A poucos dias de celebrarmos o Dia Mundial da Criança, a LUZ conversou com Ana Maria Magalhães e Isabel Alçada, responsáveis por uma parceria que resultou na coleção literária infantojuvenil mais famosa do país – Uma Aventura.
No número 144 do centro comercial Campo Pequeno, em Lisboa, as autoras encontram-se sentadas numa mesa, no meio da exposição dedicada ao universo dos cinco amigos – Chico, Pedro, João, Teresa e Luísa. O curador, Nélson Mateus, está sentado com elas. Ao chegarmos, recebe-nos de forma calorosa à porta, tal como as duas escritoras que emanam alegria, descontração e jovialidade.

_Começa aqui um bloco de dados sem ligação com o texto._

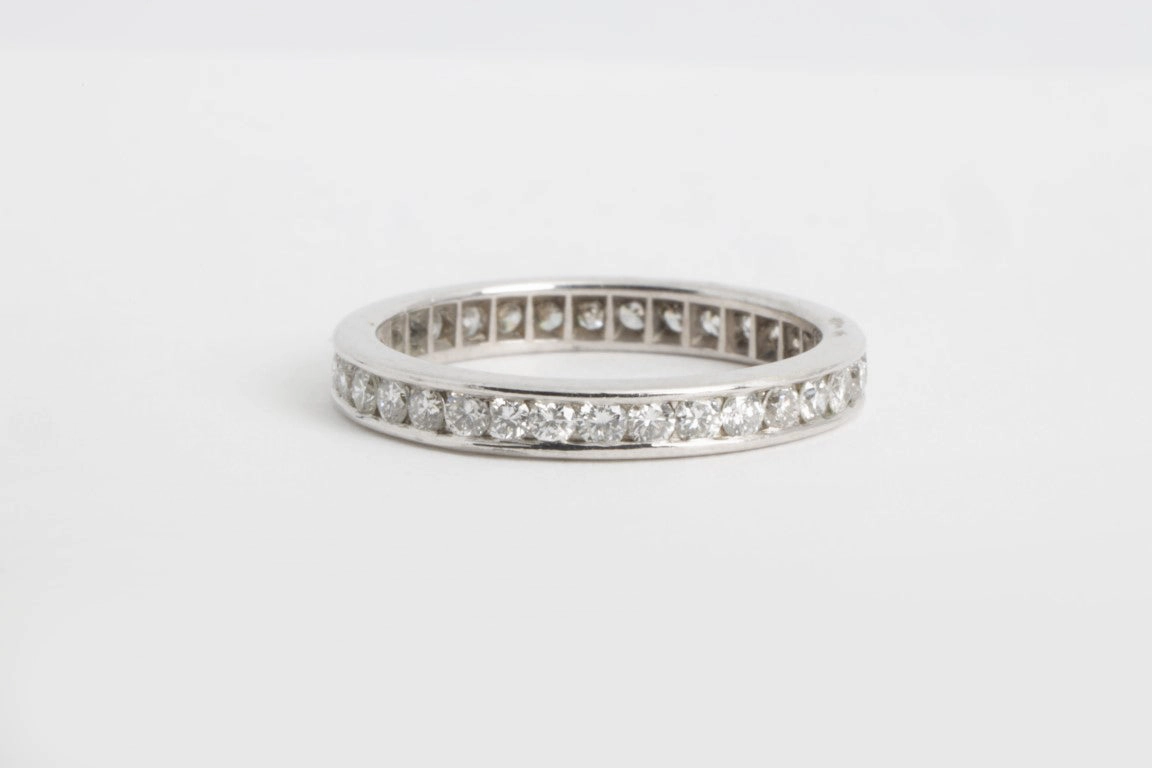 950 Platinum Diamond Eternity Wedding Ring Band (3.50g.)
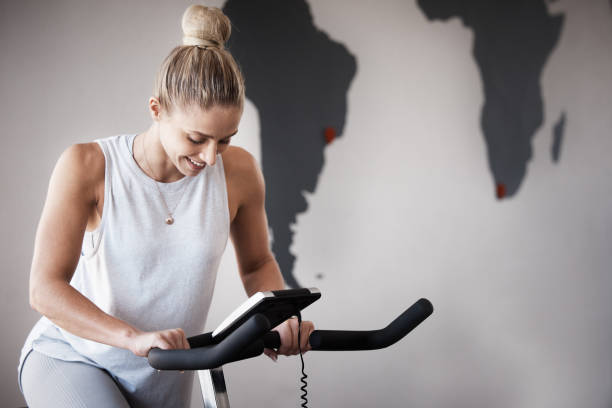 Fitness, gym bike and woman cycling for cardio performance, body wellness and exercise mockup. Health goals, exercise bicycle mock up or athlete girl happy for workout, sports training or power challenge fitness, bicicleta de gimnasio y ciclismo femenino para el rendimiento cardiovascular, el bienestar corporal y la maqueta de ejercicios. objetivos de salud, maqueta de bicicleta de spinning o chica atleta feliz para el entrenamiento, entrenamiento deportiv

Esta exposição – que viaja pelas memórias dos 68 títulos já editados –, surgiu do seu poder de observação. «Há muitos anos que vejo que as autoras de ‘Uma Aventura’ têm sempre filas e filas de pais e filhos na Feira do Livro, nomeadamente aqui em Lisboa, para as sessões de autógrafos e, a vontade de fazer esta exposição, nasceu disso mesmo», afirma Nélson Mateus à nossa revista.
As escritoras receberam esta proposta com uma grande alegria. «Até à data nunca tinha sido feito», asseguram. A exposição pode ser visitada até ao próximo dia 15 de junho e é composta pelas capas dos livros em grandes formatos e respetivas sinopses. Além disso, ainda possui algumas peças que explicam quem são as personagens e a pesquisa que as autoras fazem para cada livro.
Conheceram-se quando foram dar aulas para a Escola Básica Fernando Pessoa, em Lisboa. Em 1976 havia crianças que nunca tinham lido um livro inteiro. Começaram então a escrever pequenas histórias para as estimularem. O que contavam essas histórias?
Ana Maria Magalhães (AMM): Eram histórias sobre vários assuntos. A primeira que escrevemos verdadeiramente para dar aos alunos e que tinha apenas uma página, era sobre um menino que nunca tinha visto o mar e que foi pela primeira vez à praia. Na altura fazia sentido. Nem toda a gente tinha televisão, as pessoas do interior viviam muito isoladas…
Isabel Alçada (IA): Fizemos essa primeira história, era muito pequenina. As reações dele ao ver aquela imensidão do oceano, a experiência que foi…
AMM: Depois, já no fim do ano, fizemos uma maior. Chamava-se Máquina do Tempo, que depois veio dar origem a Uma Viagem ao Tempo dos Castelos, o primeiro volume da coleção Viagens no Tempo. Essa história tinha já 12 páginas e vimos que os alunos, mesmo assim, gostavam. Um dia mais tarde, quando nos tornámos escritoras, pegámos no tema – crianças que vão com um cientista que tem maneira de passar para outros séculos e que vão ao tempo dos castelos, ver como é que se vivia.
Então sentem que conseguiram cumprir o objetivo…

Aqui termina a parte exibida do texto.